(Stored data):
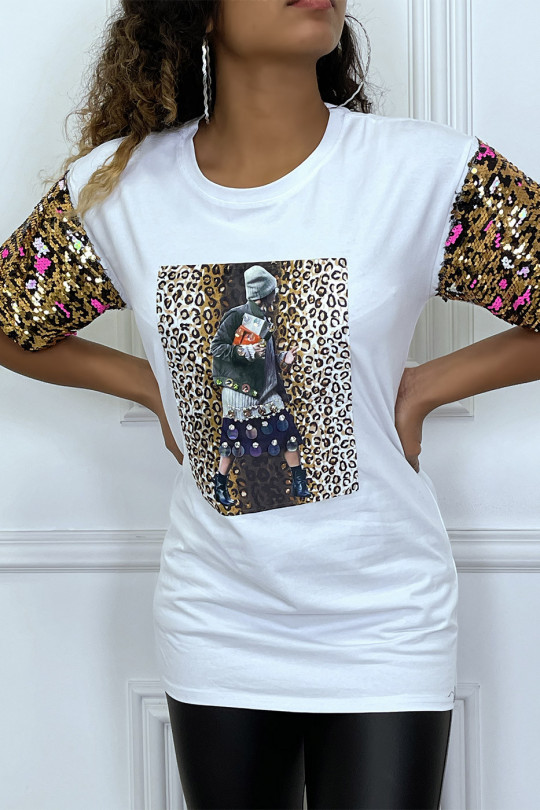 Tee-shirt blanc oversize motif leopard et sequins - 2
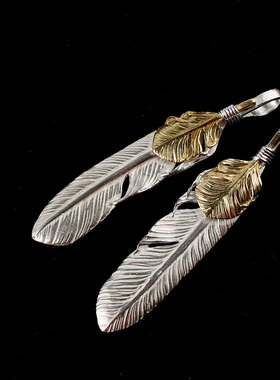 一休菊地健纯银吊坠男女款小羽毛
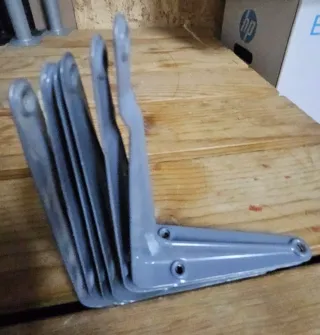 6 Escuadras Metálicas Grises 12x10cm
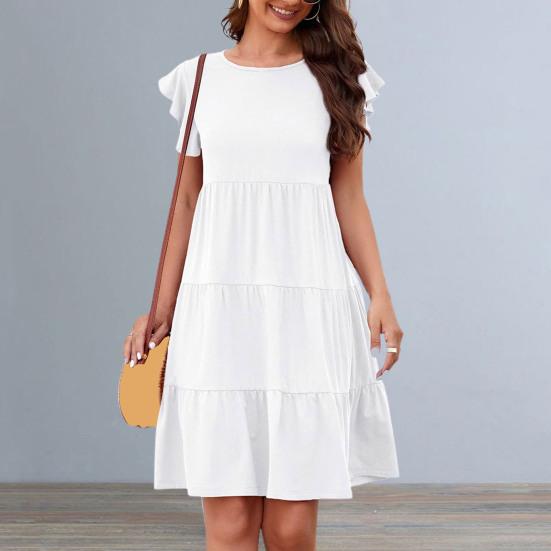 Женские платья Однотонные платья миди Повседневные свободные платья с круглым вырезом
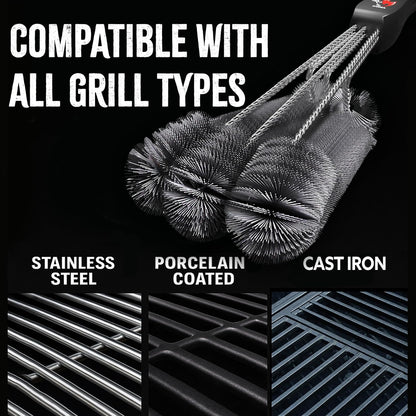 Kona 360 Clean Grill Brush – Powerful Grill Cleaner & BBQ Grill Brush for Outdoor Grill – Safe, Bristle BBQ Brush Grill Scraper, Accessory for Easy 30 Second Grill Cleaning - 18 Inch Long Handle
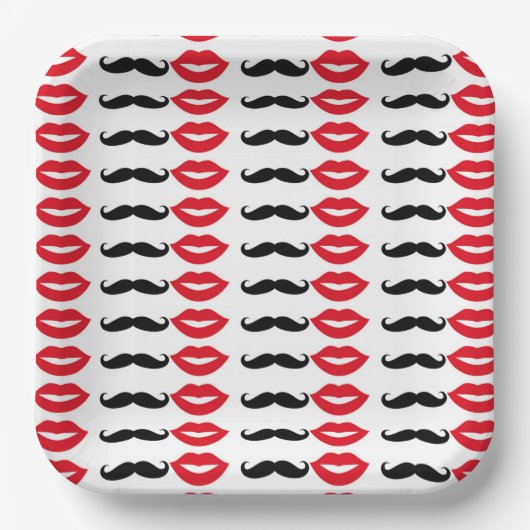 Mr & Mrs Mustache & Lips Party Paper Tellers Pappteller (Vorderseite)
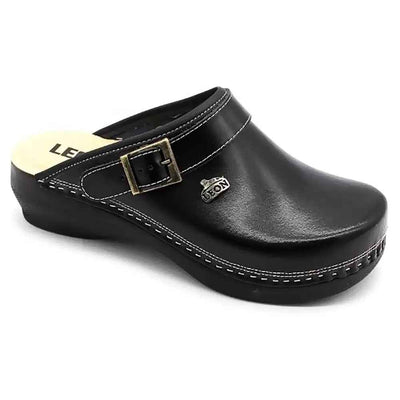 Saboti medicali, unisex, din piele neperforata, negru, Leon Next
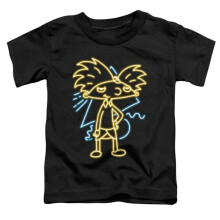 Trevco Sportswear NICK805-TT-2 Hey Arnold Neon Toddler Short Sleeve T-Shirt, Black - Medium 3T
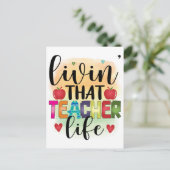 Living That Teacher Life - Gift For Teachers Briefkaart (Staand voorkant)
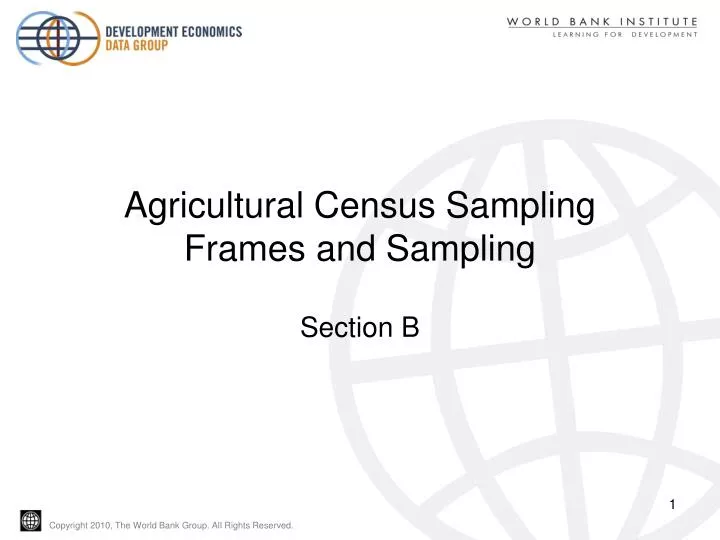 agricultural census sampling frames and sampling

(TO DO):
Leaving the pictures aside, transcribe exactly the lines from the one containing "Kona 360 Clean" to the final line of the entries above, both ends included.

(TASK OUTPUT):
 Kona 360 Clean Grill Brush – Powerful Grill Cleaner & BBQ Grill Brush for Outdoor Grill – Safe, Bristle BBQ Brush Grill Scraper, Accessory for Easy 30 Second Grill Cleaning - 18 Inch Long Handle
 Mr & Mrs Mustache & Lips Party Paper Tellers Pappteller (Vorderseite)
 Saboti medicali, unisex, din piele neperforata, negru, Leon Next
 Trevco Sportswear NICK805-TT-2 Hey Arnold Neon Toddler Short Sleeve T-Shirt, Black - Medium 3T
 Living That Teacher Life - Gift For Teachers Briefkaart (Staand voorkant)
 agricultural census sampling frames and sampling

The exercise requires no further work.